Imagem de destaque30 Abr 2020, 15:00

O tempo de crise (financeira e desportiva), como é habitual no nosso Clube, leva a que ressurja o tema da formação, enquanto tábua de salvação. Não deixa de ser curioso o estatuto que  a formação granjeia, entre os sportinguistas, consoante os tempos sejam de feição, em que a formação, além de esquecida, é alvo de apreciações negativas, ou de crise, em que a formação é tratada como se fosse a “galinha dos ovos de ouro”.

Confesso-me um entusiasta do trabalho que se faz na formação. Não vejo, no entanto, a formação como uma ferramenta circunstancial, em que a sua utilização, do ponto de vista estratégico, tem sido errática e quase como um oásis, sempre que as coisas se aprestam a correr mal.

Do ponto de vista do que foi a vida do Clube nos últimos 30 anos, é constatável que os melhores momentos desportivos, no futebol, estão associados a decisões de bom senso que, com frequência, levaram a olhar para os recursos humanos disponibilizados pelo trabalho feito na formação.

Mas não basta que os nossos formadores trabalhem bem. É, também, necessário que exista uma estratégia de aproveitamento dos atletas “made in house”. O caso mais paradigmático de todos leva-nos a recuar mais do que 30 anos. Paulo Futre é um exemplo do desperdício de recursos disponibilizados pela formação. E é paradigmático porque, para além do evidente erro de avaliação sobre o potencial desportivo do atleta, por parte dos responsáveis de então, este caso comporta um juízo depreciativo sobre os jovens formados no clube, no tocante a reivindicações salariais. É conhecida a história, pelo que me vou escusar de rebuscar todos os detalhes da mesma, ficando apenas a ideia de que Paulo Futre deixou de ser o mais mal pago do plantel do Sporting, para passar a ser o mais bem pago do FC Porto e, posteriormente, fez parte de um grupo que foi campeão da Europa de clubes.

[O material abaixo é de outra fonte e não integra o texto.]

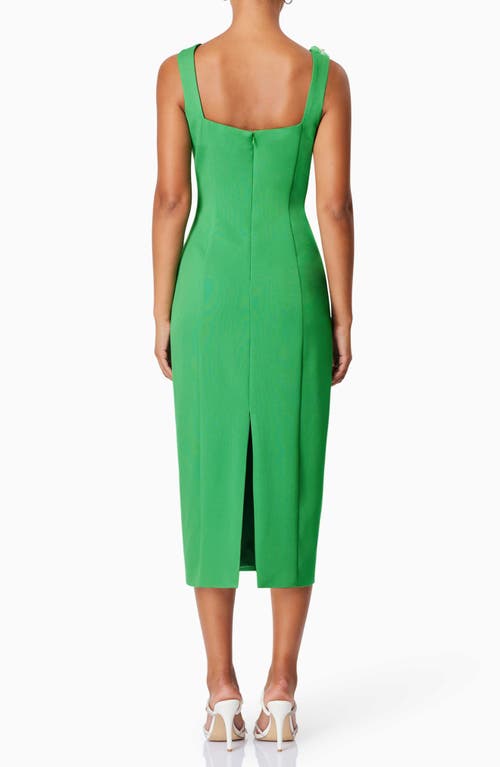 ELLIATT ELLIATT VALERIA FLORAL APPLIQUÉ COCKTAIL SHEATH DRESS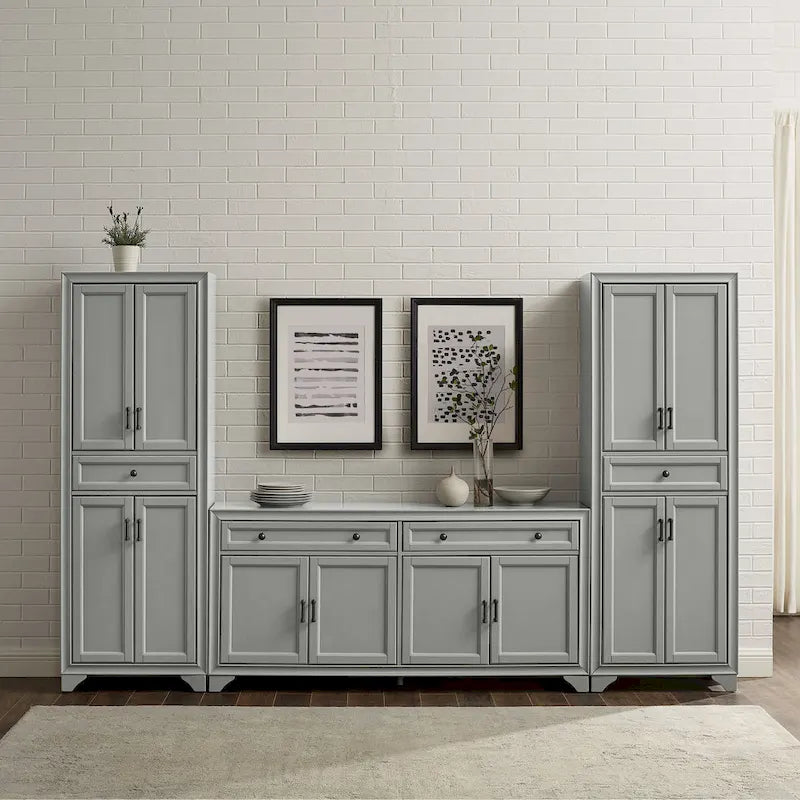 Ensemble buffet et garde-manger 3 pièces - 15x108,5x67,75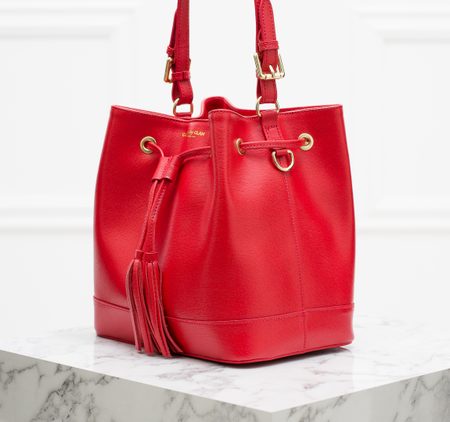 Real leather handbag Glamorous by GLAM - Red -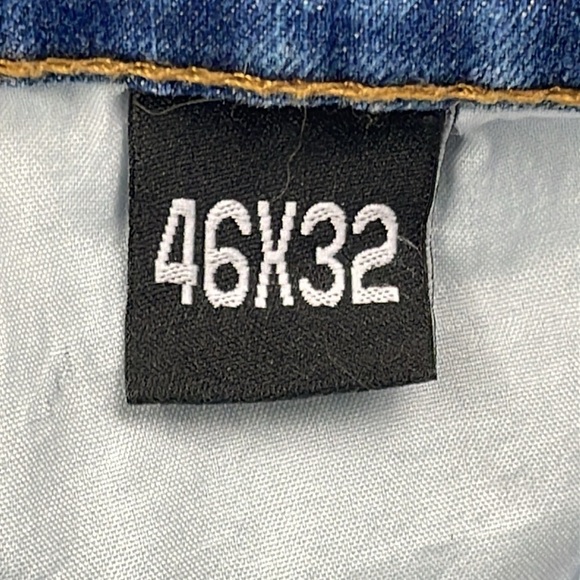 Refuel Denim Faded Acid Wash Jeans Blue Sz 46x32 - Picture 6 of 10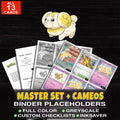 Every Fidough Pokemon card ever made - master set binder placeholders with Fidough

Outro caso exemplar de como não se deve tratar um jovem da nossa formação, foi o de Luís Figo. Também ele mal pago, numa fase em que era já um dos dois melhores jogadores do plantel, internacional português e peça insubstituível do nosso futebol, se tivermos por referência os demais elementos do plantel. Ainda hoje, Luís Figo é referenciado, por muitos sportinguistas, em termos pejorativos. Porém, não se pode olvidar que era o atleta mais mal pago, quando já era dos melhores, nunca tendo o Clube a iniciativa de negociar, em tempo oportuno, uma renovação contratual que reflectisse a importância desportiva do atleta. Também ele, depois de abandonar o clube, jogou em clubes de maiores ambições desportivas, ganhando os mais importantes títulos europeus, a nível de clubes, e tendo sido considerado o melhor jogador do Mundo.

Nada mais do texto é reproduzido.